Just was diagnosed with Acoustic Neuroma yesterday...need friends!

[cherrypiper]

well Mary , i was diagnosed in June last year with a small , nickel sized, AN on the rt side. I had completely lost my hearing on the rt side because of tinnitis. so they did the MRI and found the tumor. My surgery was on Dec. 3rd 07.

heres the way it worked for me. im in Houston Tx so we have great Dr.s available here.

The surgery took 5 hours or so. ICU for 2 days, in hospital for only 2 more. The tumors of this type are usually benign and "fibrous" . Kinda like a wart on the inside.

B4 surgery they warned me that there was a 60 to 80% chance of some face "sagging" or "drooping" . and it did. this is because the 8th and 7th nerves sit on each other. One is the acoustic nerve the other is to your face nerve. they had to really scrape  my tumor off the nerves. They didn't sever or cut either but they got roughed up so to speak.

i am coming up on 4 months April 3rd and my rt side still droops about 1/2 inch or so. my rt eyelid cant shut. which is really no big deal as i can put a patch over it to sleep. and i use eye drops too.

i have no muscle tone in rt side of face. we have proven nerves and muscles still work with electro therapy. so its just a matter of time, 4 to 6 more months, so my face nerve can reestablish itself and i can get some facial tone back.

but for all purposes i look like a stroke victim with the right side of my face. cant speak or eat much on the rt side either.

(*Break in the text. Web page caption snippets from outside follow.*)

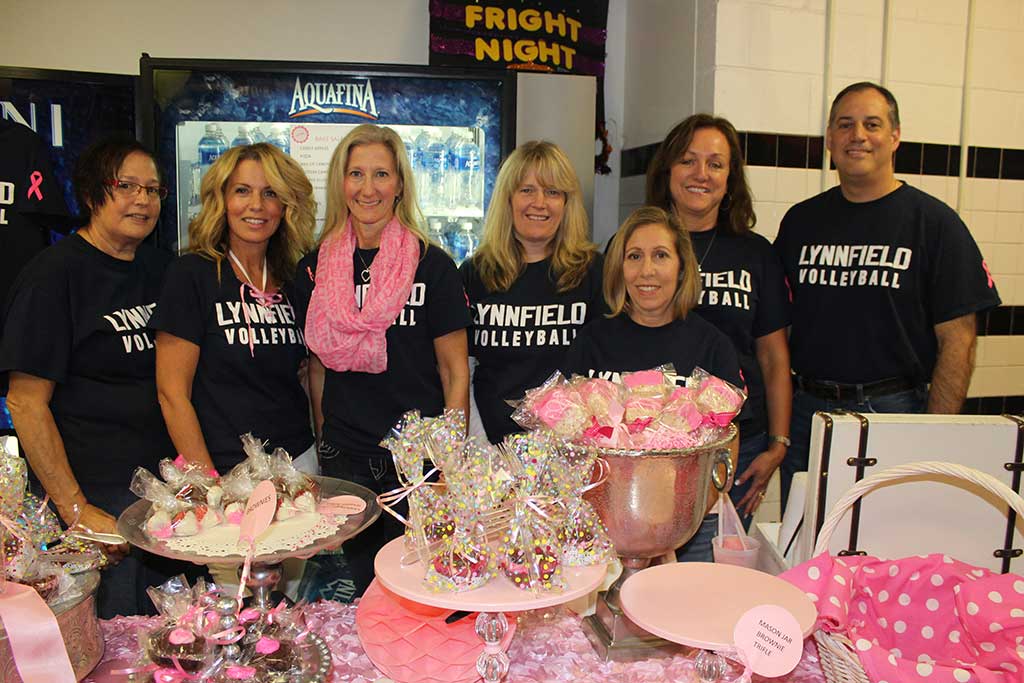 THE VOLLEYBALL TEAM held its annual Dig Pink breast cancer research fundraiser during the Lynnfield vs. Masconomet match Oct. 5, which the Pioneers won 3-0. Dedicated parents, from left, Susan Nugent, Susan Pascucci, Leslie Kerzmer, Keri Pagliuca, Jen Albanese, Lisa Caswell and Steve Kotler ran the bake sale table during the event. The fundraiser’s proceeds were donated to the Side-Out Foundation. (Dan Tomasello Photo) 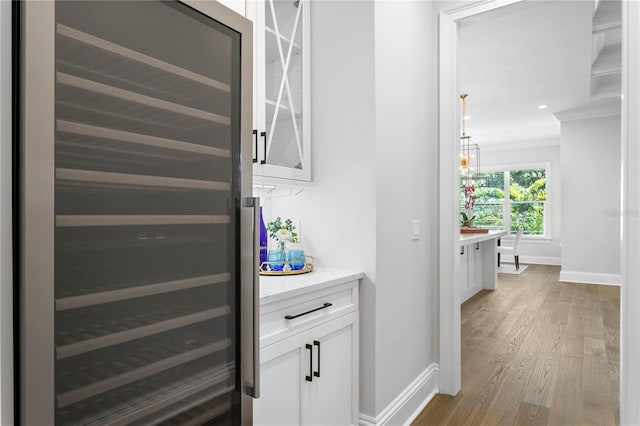 hallway with wood finished floors, baseboards, recessed lighting, ornamental molding, and wine cooler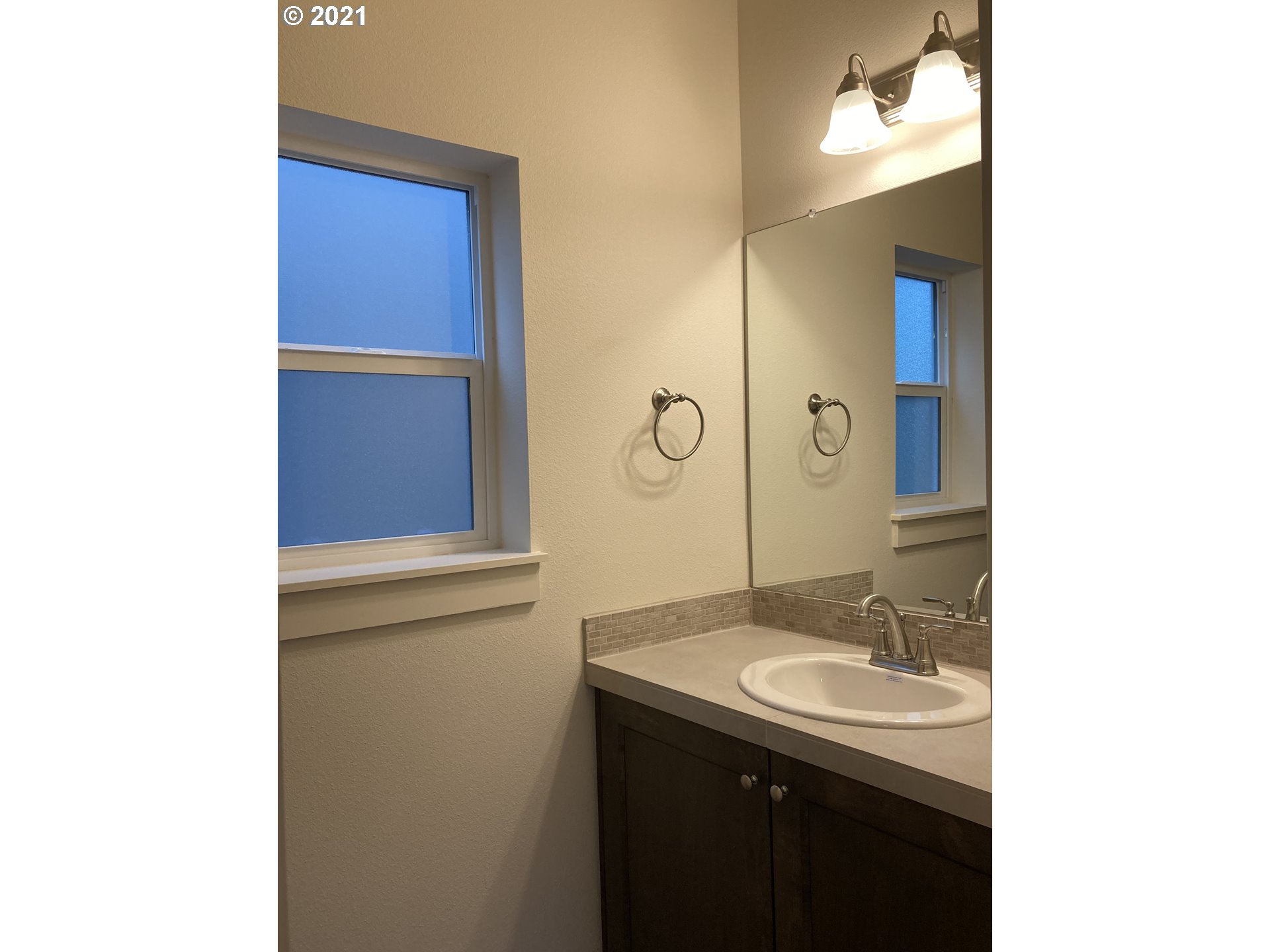 1251 South Union Place Ridgefield, WA 98642 - Photo 8 of 11 a bathroom with a sink and a mirror
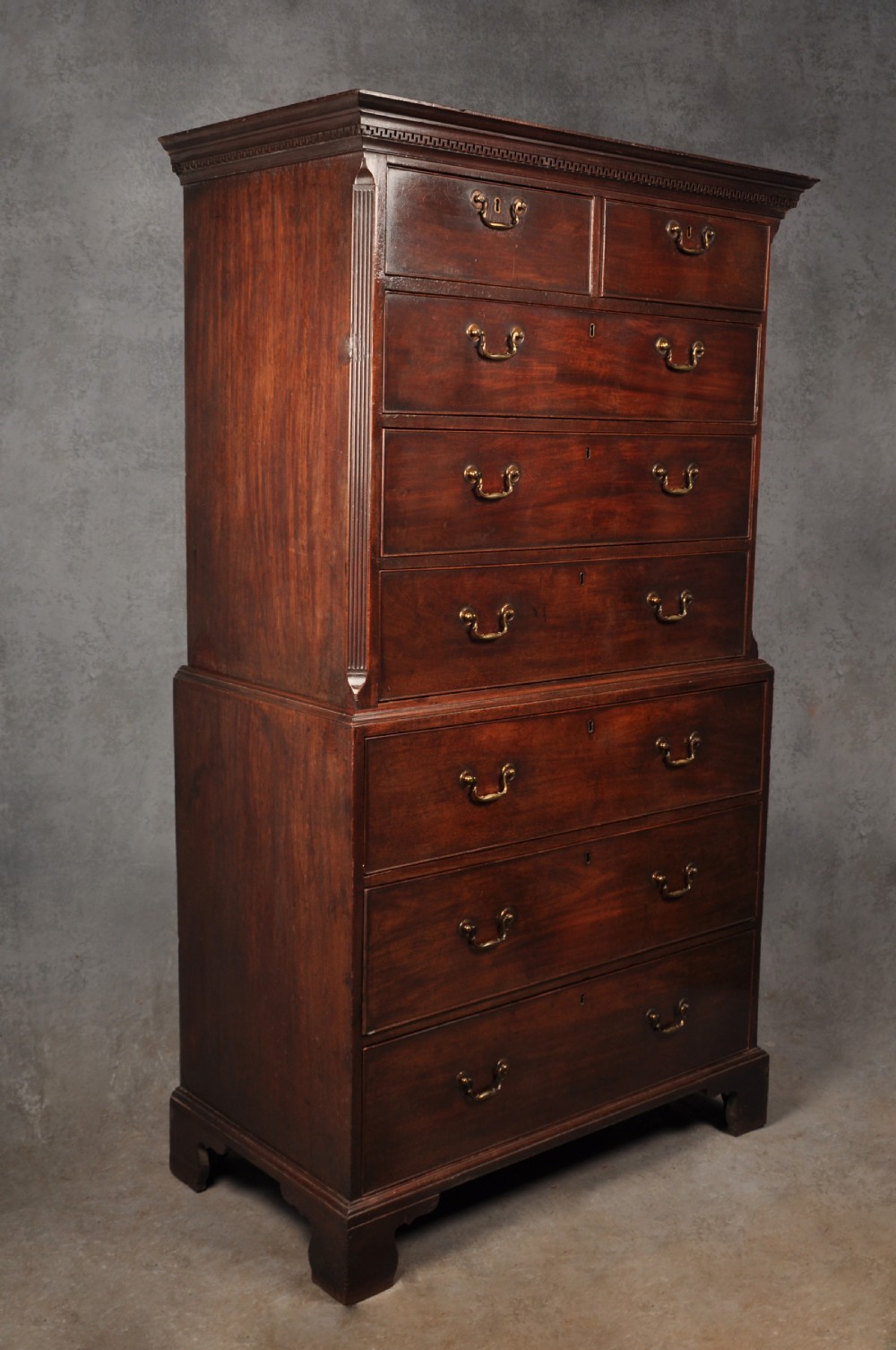 An 18th-century Georgian mahogany tallboy chest-on-chest featuring two stacked sections with brass swan-neck handles, dentil moulding, fluted canted corners, and bracket feet. View III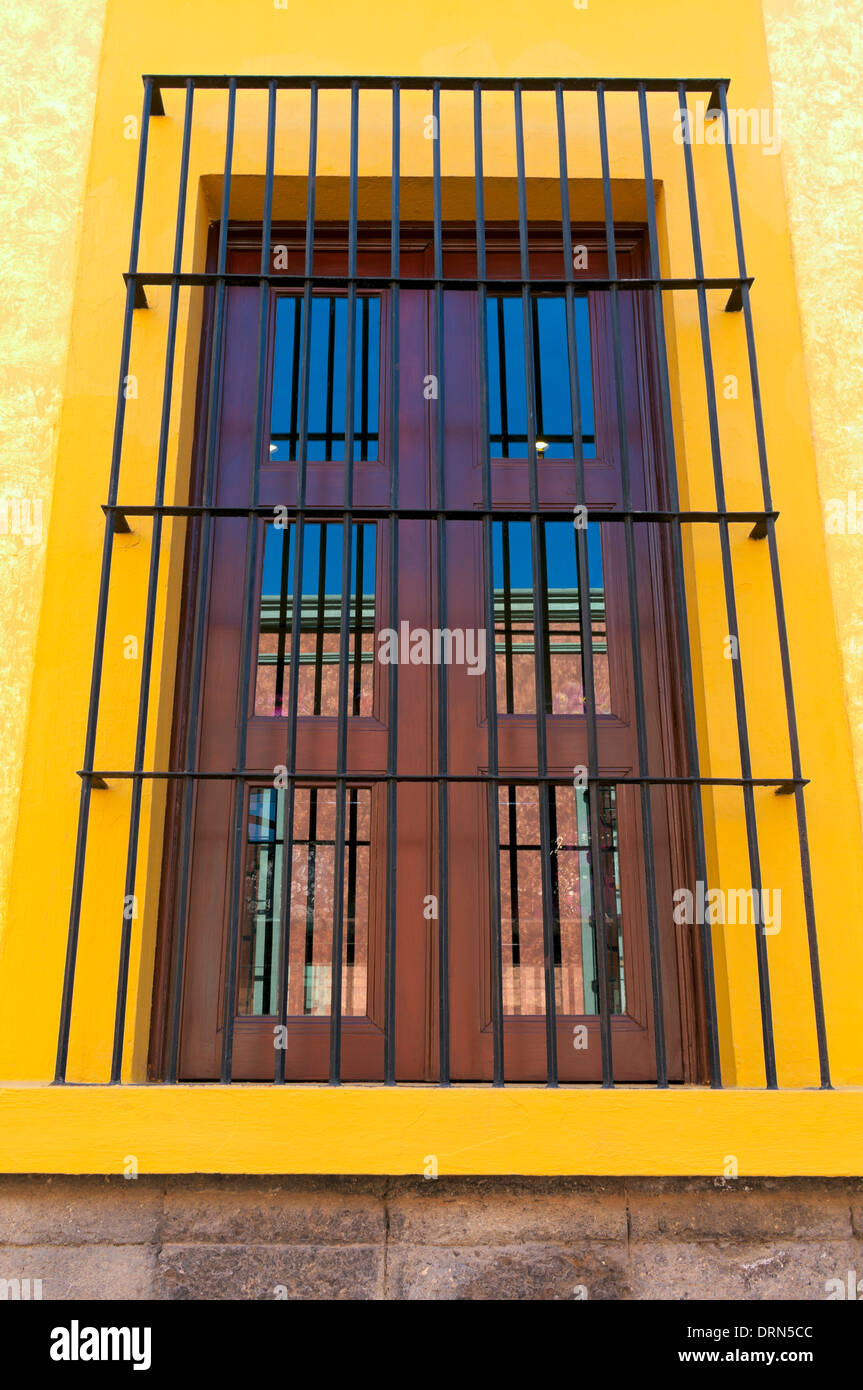 Window opening with reflections on panes surrounded by protective bars and colorful frame Stock Photo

dont mean to scare you Mary, but these are MINOR inconveniences compared to the tumor in the head and having it removed, confirmed benign.

hang in there

Steve W Houston Tx

[Kaybo]

Steve~
Hi!  I am also from Texas and am in the Houston area a LOT as my husband's family lives there.  I actually had my surgery there too.  I would LOVE to talk to you...I'm a bit out of wack right now as I am in Baltimore.  I just had the T3 surgery to try to get my smile back -- I've been paralyzed for 12 years.  Anyway, contact me if you would like...
K

[LarryS]

Hey Mary -
Another Texan here in Taylor, close to Round Rock. My husband, Larry, has a 4.5-cm x 3-cm. He had Gamma Knife therapy and they could only treat half the tumor as it was so large. He then had surgery by Dr. Chang and Dr. Alp at Hermann Memorial in Houston (Two really great doctors.) Dr. Alp is now at John Hopkins in Baltimore. My best advice, too, is to ask questions. No such thing as a dumb question. Get plenty of opinions. I probably asked more questions than my husband did. We found this site as a great way to find out some of our answers. First thing you learn, treatment depends on the size and location of the tumor. We check in here ever so often. Will be happy to help answer questions. My husband was up and walking the hallways with the physical therapists the day after surgery. I was just so amazed. He had surgery on Monday and was home on Saturday. Once his hair grew out, you can't even see the scar. We are blessed and now only have to have open MRI scan once a year with trips back to Houston.  Let us know how you are doing. LindaS

[MaryBKAriz]

Hi Linda,

Howdy there in Taylor, go Ducks!!!! I have 2 kids that graduated from Round Rock High School...one in 90, one in 95. My son is divorced but his ex and his 2 kids live in Granger.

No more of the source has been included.